- _Requirement_
Please reproduce all of the data below exactly, leaving each picture out.

--- Recorded information Enclosed Below ---

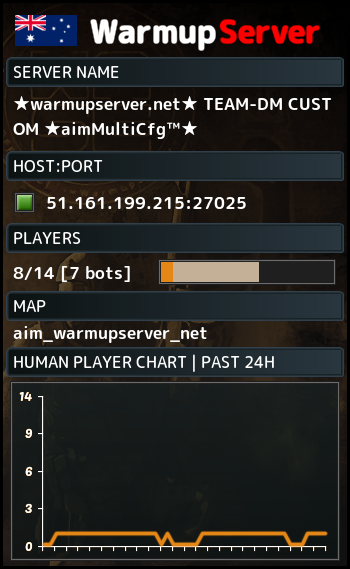 CS2 Deathmatch AIM-DM 13<BR>AWP->Rifles->Pistols<BR>(aim_warmupserver_net)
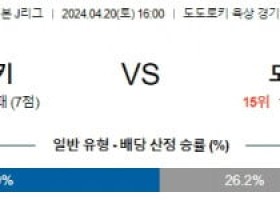 4월20일 가와사키 도쿄베르디 J리그분석 해외스포츠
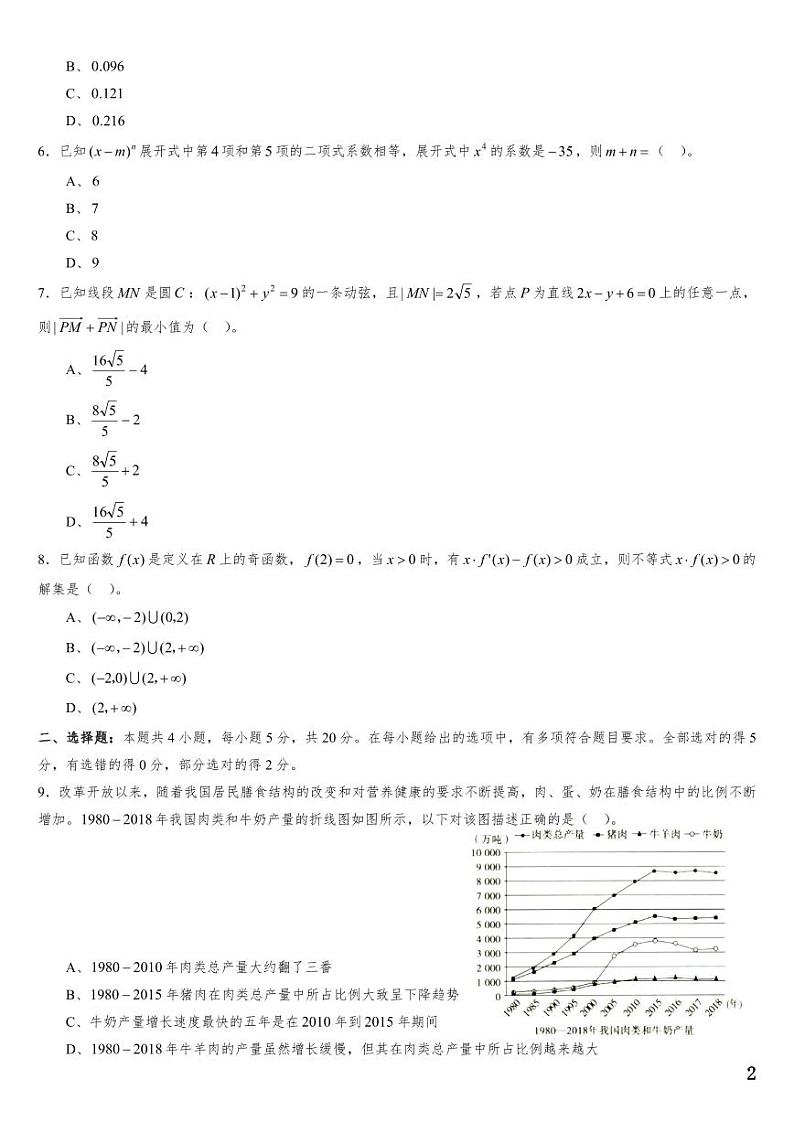 （适用辽宁）2023年高考数学必刷好卷系列——押题卷02（原卷版）第2页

--- End of Enclosed Recorded information ---

- _Result of this exercise_
 CS2 Deathmatch AIM-DM 13<BR>AWP->Rifles->Pistols<BR>(aim_warmupserver_net)
 4월20일 가와사키 도쿄베르디 J리그분석 해외스포츠
 （适用辽宁）2023年高考数学必刷好卷系列——押题卷02（原卷版）第2页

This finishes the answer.